▶ [EXERCISE INSTRUCTIONS]
Exact copies of all the lines below are needed, without the pictures.

═══ RECORDS SUPPLIED ═══

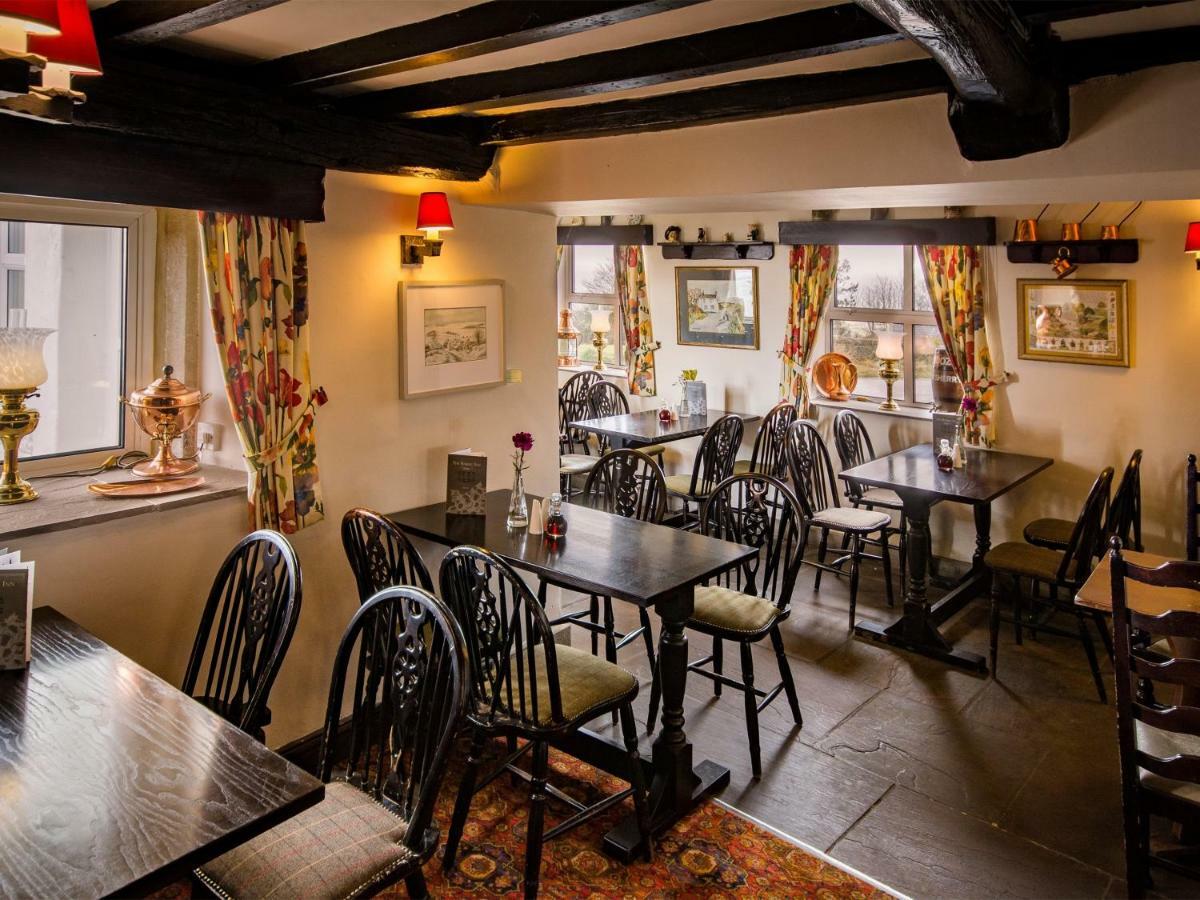 The Barrel Inn Eyam Exterior foto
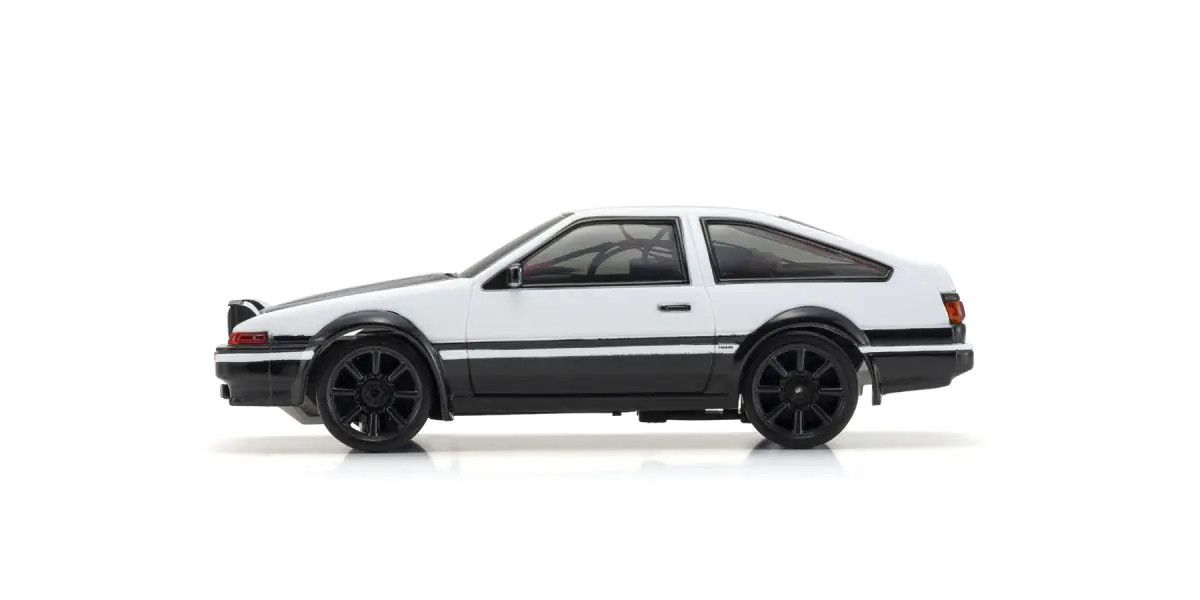 Kyosho - First Mini-Z Trueno AE86 White RC Car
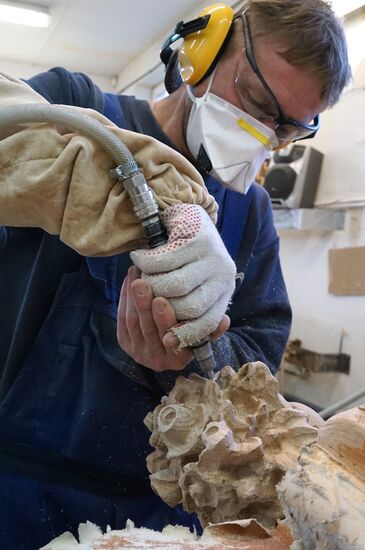 High-end furniture manufactured at MAKSIK factory in Kaliningrad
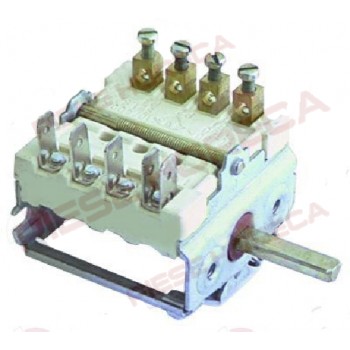 Comutator, cheie comanda grill BERTOS cod producator 22050300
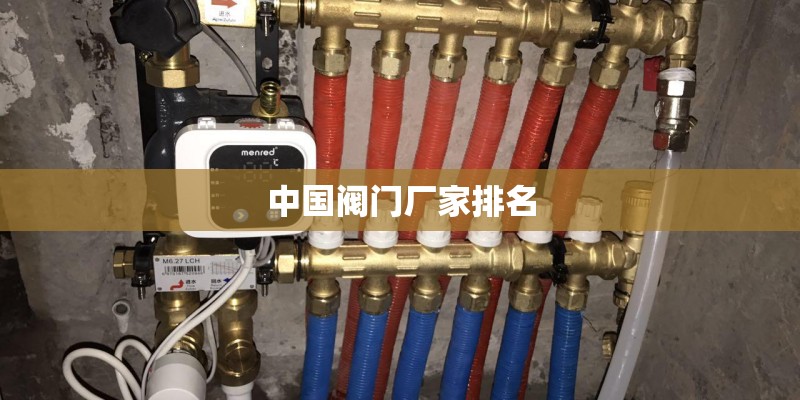 中国阀门厂家排名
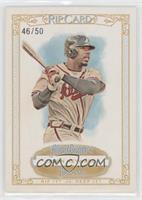 Jason Heyward [Noted] #/50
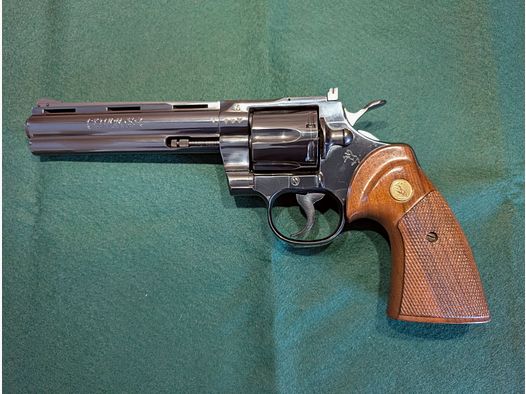 Colt Python 6 pouces année de test 1975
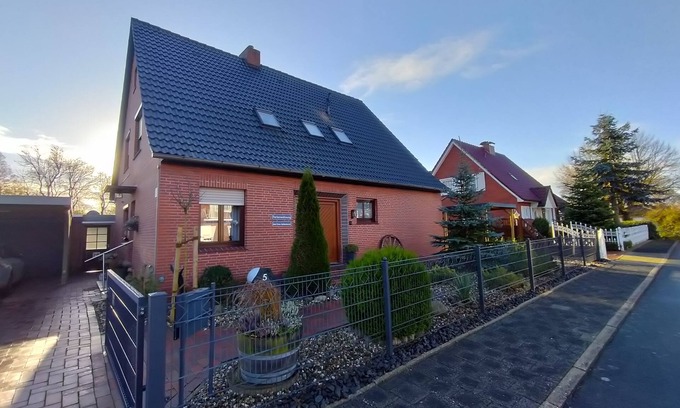 Oldersum Appartement | Ferienwohnung Am Ems-seitenkanal, 65353 - Ferienwohnung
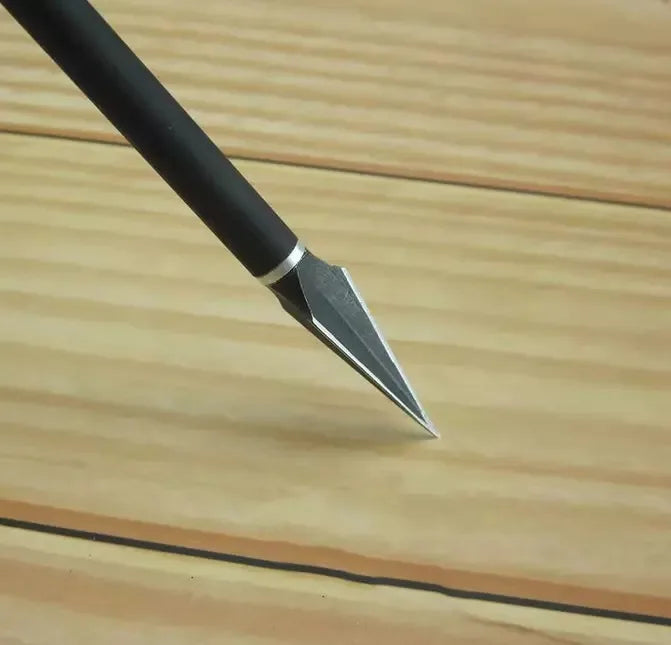 3/6/12PCS 100Gr Hunting Arrow Tips Compound Recurve bow Classical Tradition Broadheads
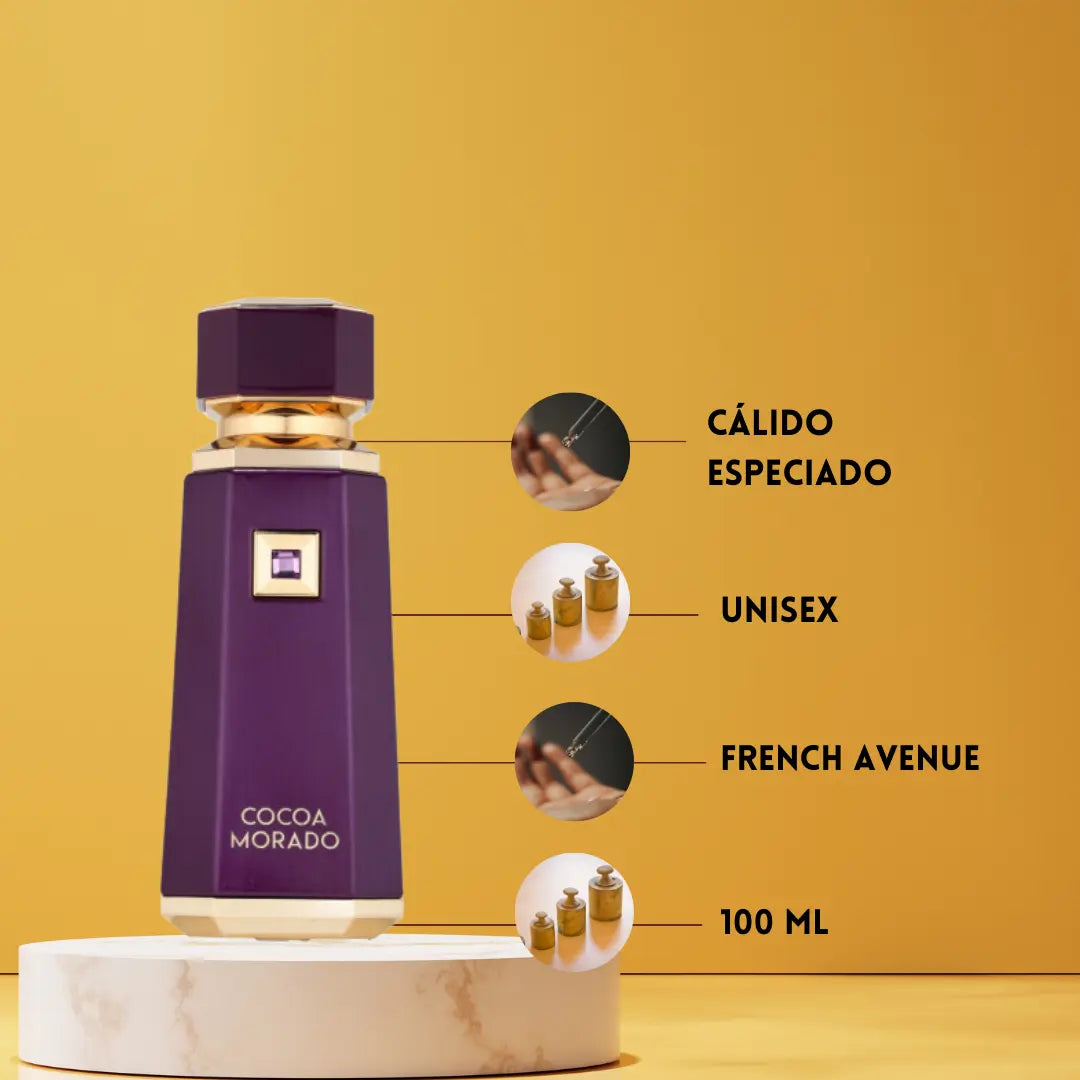 Cocoa Morado fragrance world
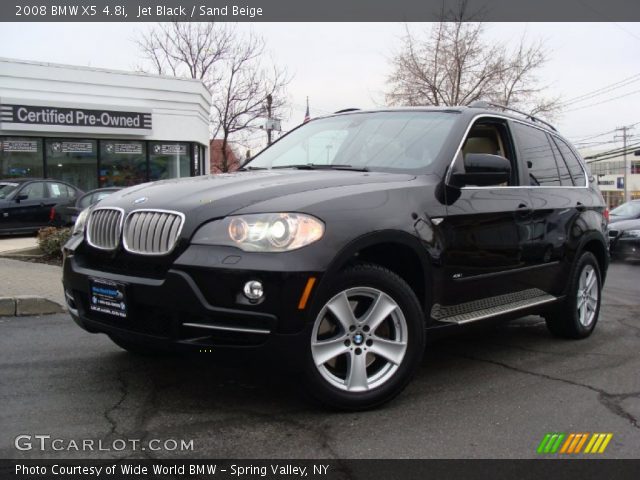 2008 BMW X5 4.8i in Jet Black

═══

▶ [EXERCISE OUTPUT]
 The Barrel Inn Eyam Exterior foto
 Kyosho - First Mini-Z Trueno AE86 White RC Car
 High-end furniture manufactured at MAKSIK factory in Kaliningrad
 Comutator, cheie comanda grill BERTOS cod producator 22050300
 中国阀门厂家排名
 Jason Heyward [Noted] #/50
 Colt Python 6 pouces année de test 1975
 Oldersum Appartement | Ferienwohnung Am Ems-seitenkanal, 65353 - Ferienwohnung
 3/6/12PCS 100Gr Hunting Arrow Tips Compound Recurve bow Classical Tradition Broadheads
 Cocoa Morado fragrance world
 2008 BMW X5 4.8i in Jet Black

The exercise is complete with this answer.